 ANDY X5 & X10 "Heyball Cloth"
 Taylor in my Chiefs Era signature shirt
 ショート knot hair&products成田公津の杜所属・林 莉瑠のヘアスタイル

****

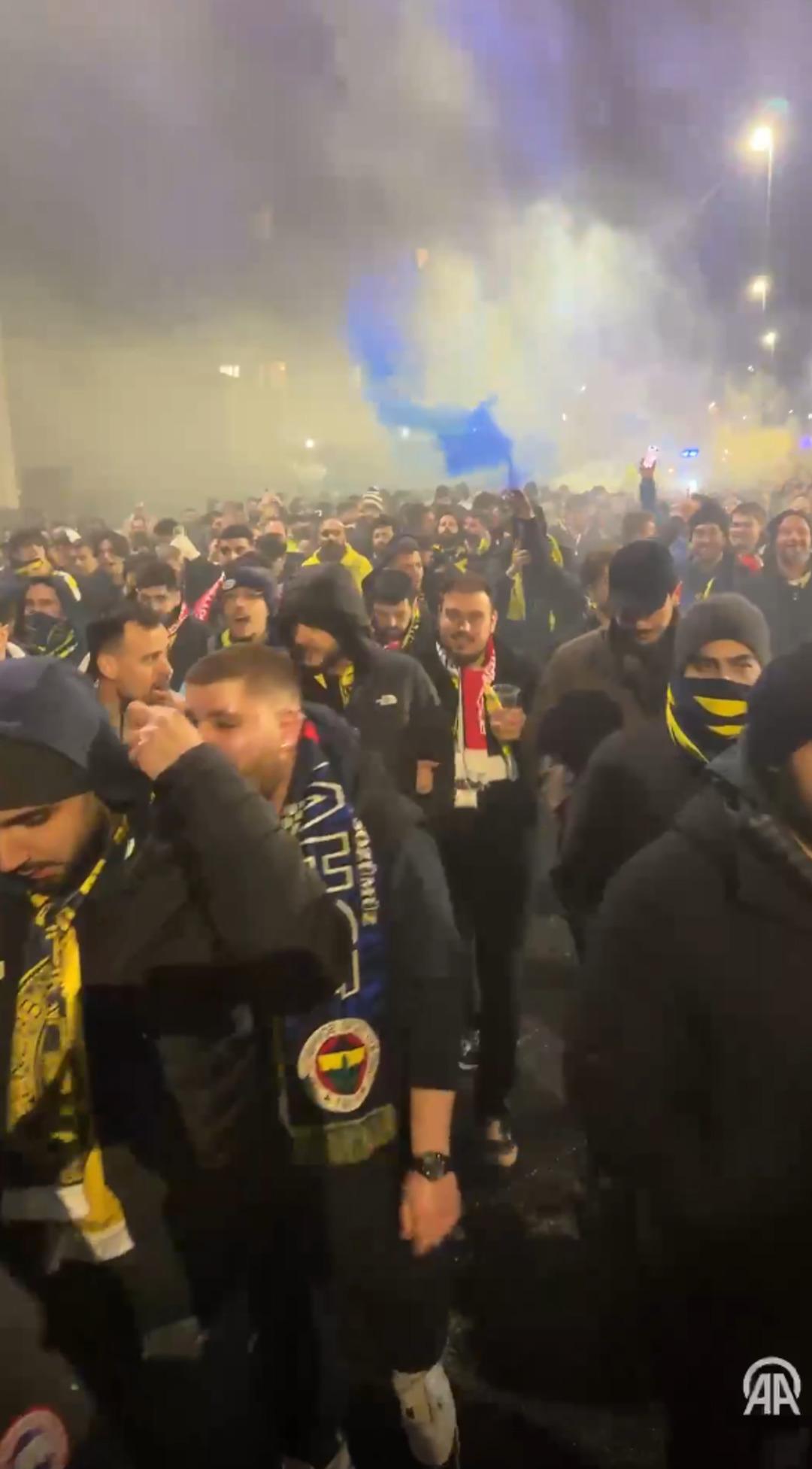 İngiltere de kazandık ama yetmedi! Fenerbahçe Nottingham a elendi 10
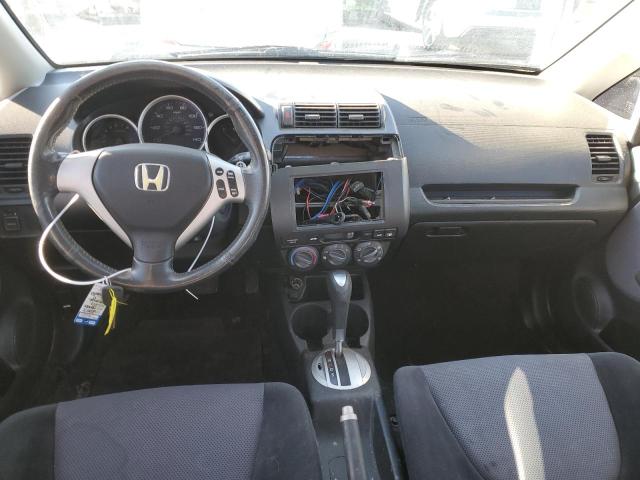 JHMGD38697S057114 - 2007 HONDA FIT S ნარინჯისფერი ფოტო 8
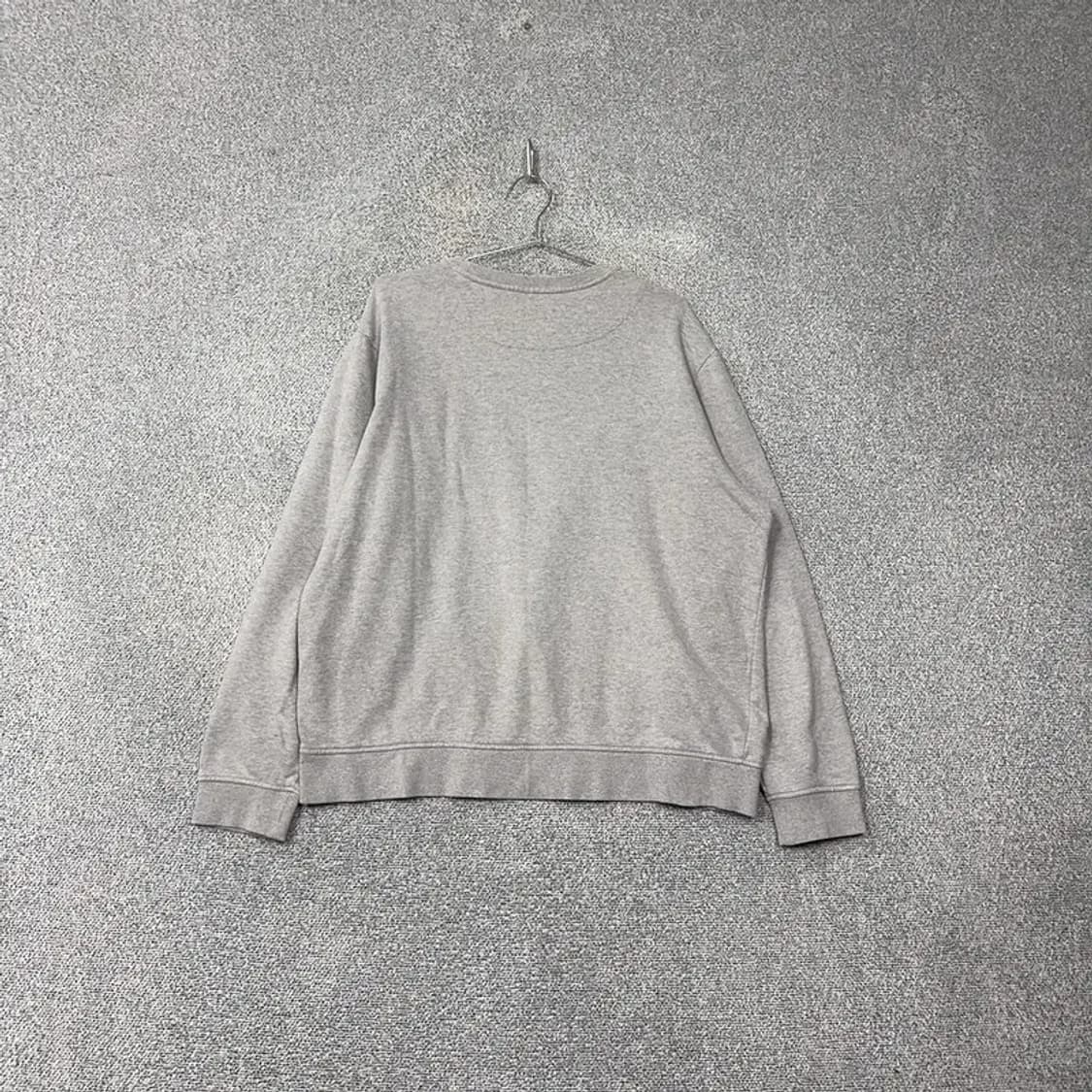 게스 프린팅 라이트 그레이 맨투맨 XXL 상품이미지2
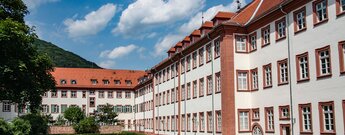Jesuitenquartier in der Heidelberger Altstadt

****

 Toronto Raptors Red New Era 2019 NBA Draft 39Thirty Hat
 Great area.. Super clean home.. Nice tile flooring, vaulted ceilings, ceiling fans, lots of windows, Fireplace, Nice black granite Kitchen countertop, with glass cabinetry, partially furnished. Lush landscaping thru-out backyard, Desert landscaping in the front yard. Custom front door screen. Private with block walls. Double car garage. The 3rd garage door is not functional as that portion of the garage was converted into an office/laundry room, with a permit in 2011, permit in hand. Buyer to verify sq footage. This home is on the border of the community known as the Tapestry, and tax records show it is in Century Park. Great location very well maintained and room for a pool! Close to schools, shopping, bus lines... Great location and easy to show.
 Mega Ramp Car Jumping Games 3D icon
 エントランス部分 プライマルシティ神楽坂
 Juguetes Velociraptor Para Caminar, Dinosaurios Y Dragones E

****

=== Problem statement ===
Only the lines above from the one with "Taylor in my Chiefs Era signature shirt" through the one with "ショート knot hair&products成田公津の杜所属・林 莉瑠のヘアスタイル" should be duplicated, character for character.

=== Solution for this problem ===
 Taylor in my Chiefs Era signature shirt
 ショート knot hair&products成田公津の杜所属・林 莉瑠のヘアスタイル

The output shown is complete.